Last week, Lawyers Weekly reported that while law students were increasingly looking beyond traditional firms, some commentators believe universities are failing to keep up.
David Nguyen (pictured), a legal counsel with Lexvoco, agreed universities predominantly communicate about job opportunities within private practice and leave students to “proactively find out more” about jobs in government or in-house.
In his view, private practice is disproportionately promoted by universities because law firms have the resources to provide sponsorship and attend university career fairs and functions.
“In terms of exposure, [top-tier] firms tend to be top of mind.
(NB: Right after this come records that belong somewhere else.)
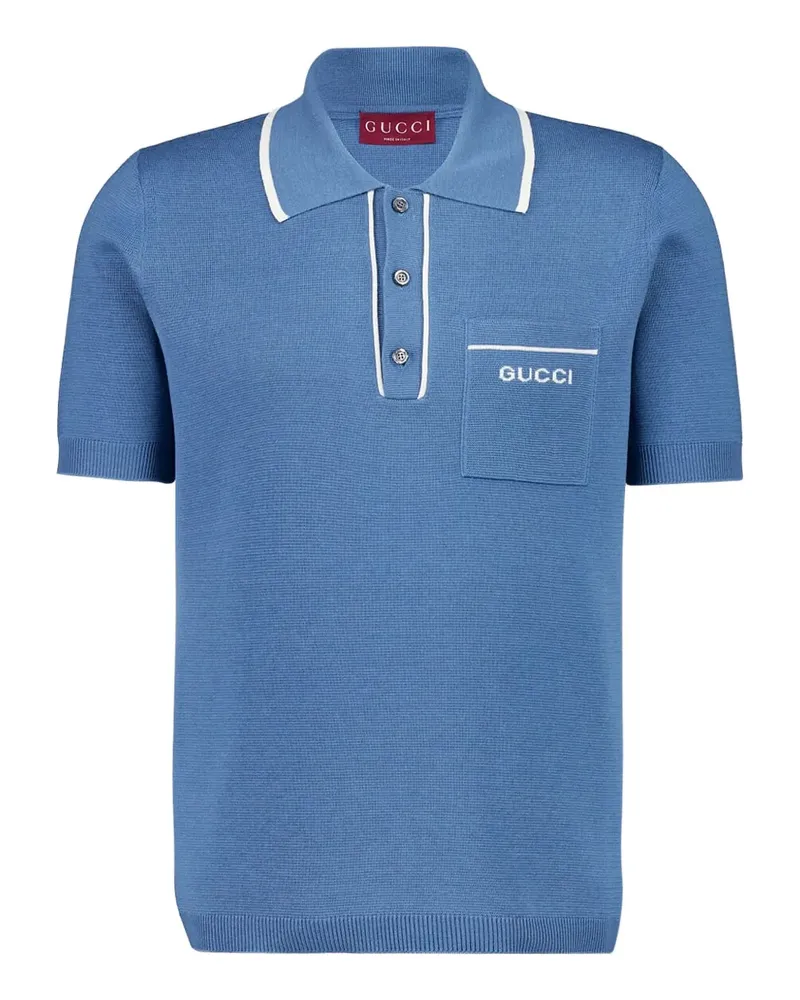Gucci Poloshirt mit Intarsien-Logo - Blau Blau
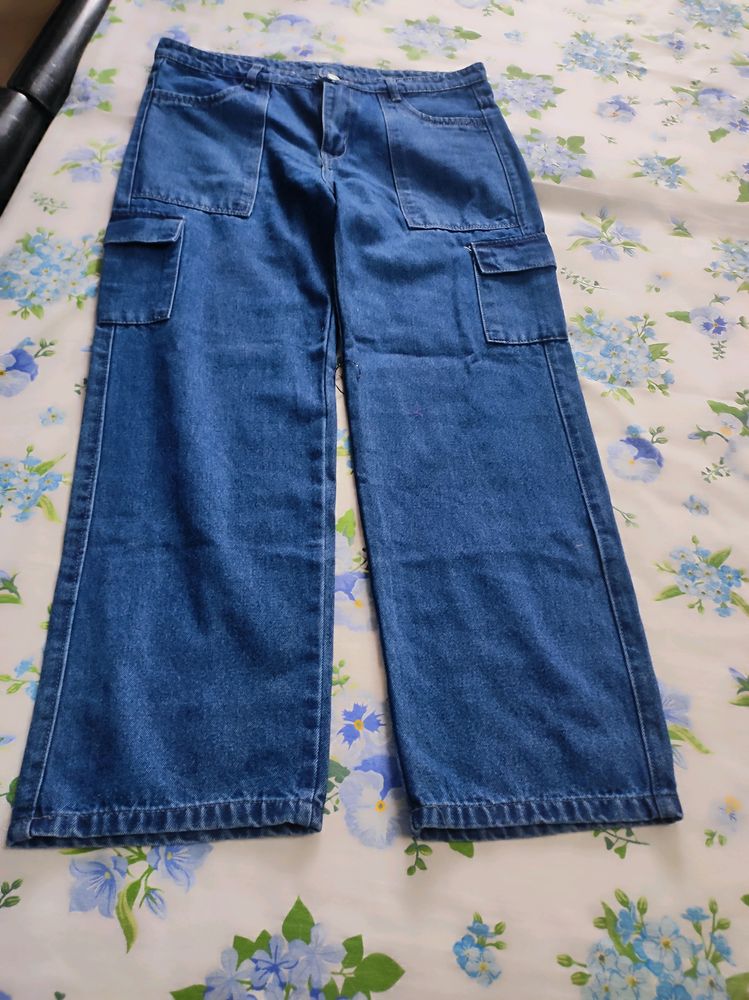 Denim Cargo Pants, Size 34 (Dark Blue)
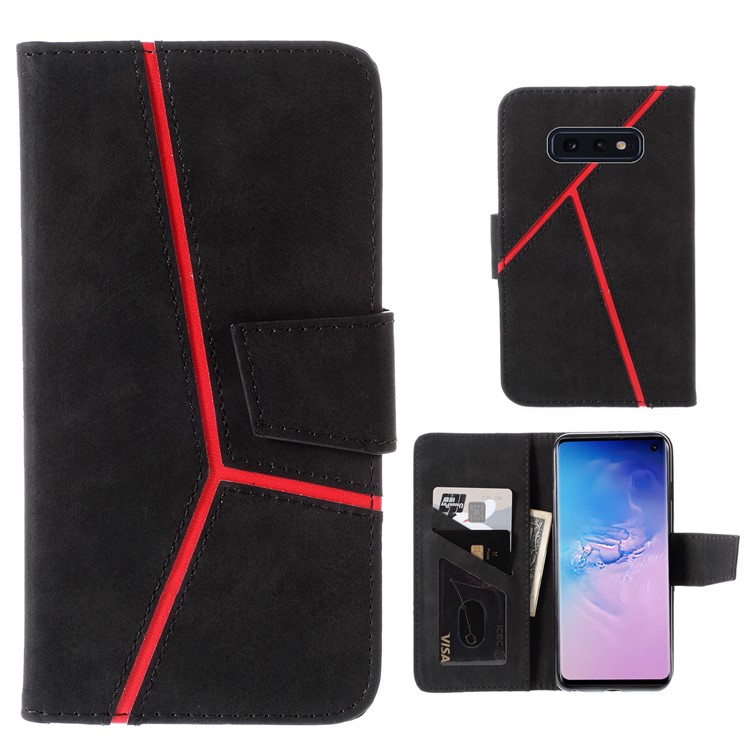 Business Splicing Wallet Stand Leather Cover for Samsung Galaxy S10e - Black-1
If universities were to engage more with large companies, students would be better educated about alternative options.”
Mr Nguyen encouraged law graduates to consider in-house legal work as a career option.
“The benefit of working in-house is that you get to understand the business as a whole, and its different functions and the way they interrelate,” he said.
“Private practice tends to see you focus on law alone, whereas in an in-house role you get to draw upon your legal competency, and also learn about the key drivers behind the business.”
Mr Nguyen agreed that initial experience in private practice can be valuable but said it was a mistake to consider this path as the ‘be all and end all’.
The relative advantages of a career in New Law are particularly understated by universities.
“Working for a New Law firm […] means you benefit from a diverse work life, and get exposed to many different companies and sectors and their internal workings,” said Mr Nguyen.
However, there are some drawbacks to starting your professional life in this emerging New Law sector.
“Access to legal support might not be as readily available as it is in private practice that has dedicated teams of librarians and researchers,” said Mr Nguyen.
These resourcing issues can be offset in various ways, he said – Lexvoco, for instance, partners with a traditional law firm and recruits lawyers to work on a flexible basis in-house.